In questa situazione ancora fluida e non assestata, una leggerezza di re Edoardo fa di nuovo precipitare la situazione. Infatti, mentre Warwick si trova in Francia per chiedere al re Luigi il consenso al matrimonio fra Edoardo stesso e madama Bona, la sorella del re, giunge notizia che intanto proprio Edoardo, sconfessando di fatto l’operato del suo plenipotenziario e il suo disegno politico di alleanza con la Francia, ha sposato Lady Grey, “spinto alle nozze dall’appetito e non dall’onore né dal desiderio di rafforzare e garantire il nostro paese” (P.3,At.3,Sc.3). Questa “mala azione di Edoardo” offende profondamente Warwick e ne determina il passaggio al campo dei sostenitori dello spodestato Enrico.

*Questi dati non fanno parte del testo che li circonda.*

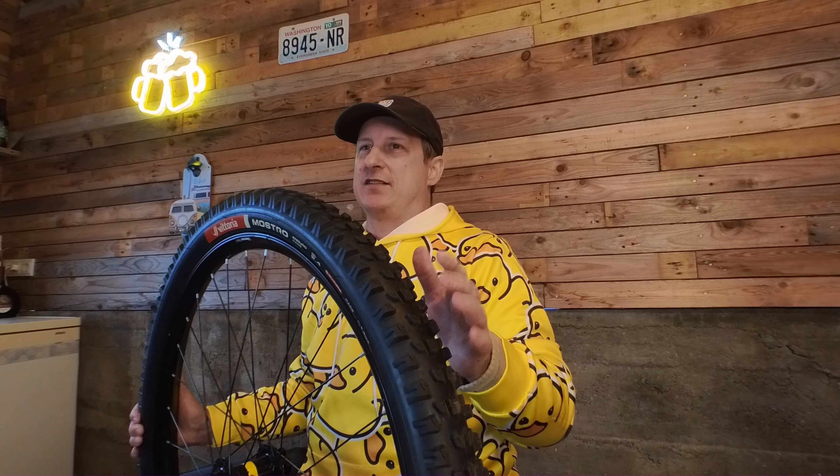When I saw this tire released, I picked up a few with my own money because I had to see what they were all about. These are my honest opinions, and they're not influenced in any way. I paid for these tires with my own money, and Vittoria will not receive the video or be able to review it before it's posted.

Ma anche nell’entourage di Edoardo c’è malcontento e preoccupazione per questa sua scelta non meditata. Ben presto si giunge allo scontro armato ed Edoardo cade prigioniero di Warwick, che gli notifica la sua deposizione e l’imminente ritorno al trono di Enrico.
Le scene si susseguono velocemente, fino a giungere al grande finale dell’atto V, con lo scontro campale tra le opposte fazioni che culmina col trionfo di Edoardo di York e il conseguente assassinio di di Enrico VI e di suo figlio Edoardo.
Quando tutto è finito, e sembra ad Edoardo che “non ci resta che passare il tempo allegramente in maestose feste trionfali e lieti spettacoli teatrali… poiché qui, spero, comincia la nostra durevole gioia”, proprio allora la maledizione di Caino si mostra di nuovo furtivamente all’opera. Riccardo di Gloucester confessa infatti: “non ho né pietà né amore né paura… giacché il cielo ha foggiato così il mio corpo, l’inferno mi storpiò la mente in proporzione. Non ho fratelli, non somiglio a nessun fratello; e questa parola amore che i barbogi chiamano divina, stia con gli uomini che si somigliano l’un l’altro, non con me; io sono soltanto me stesso. Re Enrico e il principe suo figlio sono morti; Clarence ora tocca a te e poi agli altri [che mi precedete nella linea di successione al trono] perché continuerò a ritenermi infimo finché non sia salito più alto di tutti” (P.3,At.5,Sc.8). Così, Shakespeare conclude l’Enrico VI, preannunciando e gettando il seme del successivo dramma storico, il Riccardo III.